Output, word for word, each line from the one with "Correcteur De Posture" through the end of the listing below, excluding every picture.

SUPPLIED MATERIAL:

::::::::::

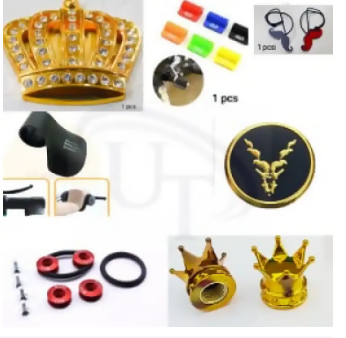 Pack of 7 items New Decoration & Fancy Items (Mustache, Golden Crown With Diamond, Gear Shift Lever Rubber, Wheel Nozel, Markor Logo ,Throttle Clip & Chain Cover Bolt) For Motor Bike - ValueBox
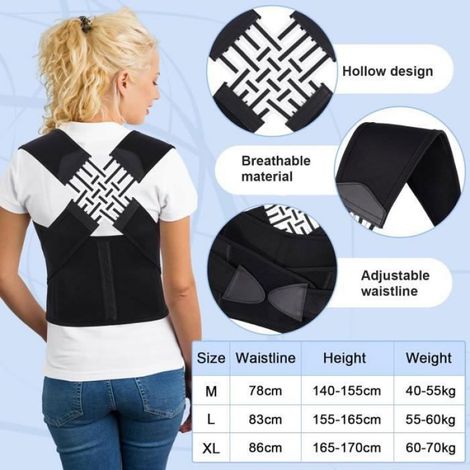 Correcteur De Posture - Ceinture Dorsale Ajustable - Pour Adulte Mixte - Noir - 1 Pièce (1/4)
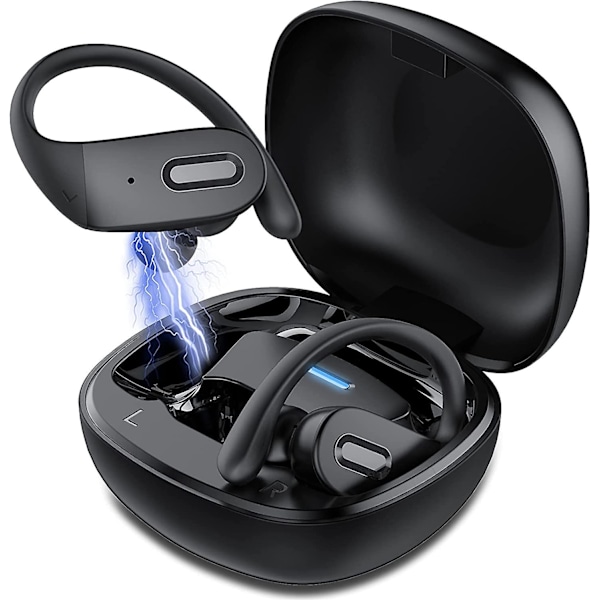 Trådlösa Hörlurar, Bluetooth 5.1 In-Ear Stereo Hörlurar, 30 Timmars Speltid med Laddningsfodral, Inbyggd Dubbel Mikrofon, IPX7 Vattentäta Sport Hörlurar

::::::::::

ANSWER FOR THE TASK:
 Correcteur De Posture - Ceinture Dorsale Ajustable - Pour Adulte Mixte - Noir - 1 Pièce (1/4)
 Trådlösa Hörlurar, Bluetooth 5.1 In-Ear Stereo Hörlurar, 30 Timmars Speltid med Laddningsfodral, Inbyggd Dubbel Mikrofon, IPX7 Vattentäta Sport Hörlurar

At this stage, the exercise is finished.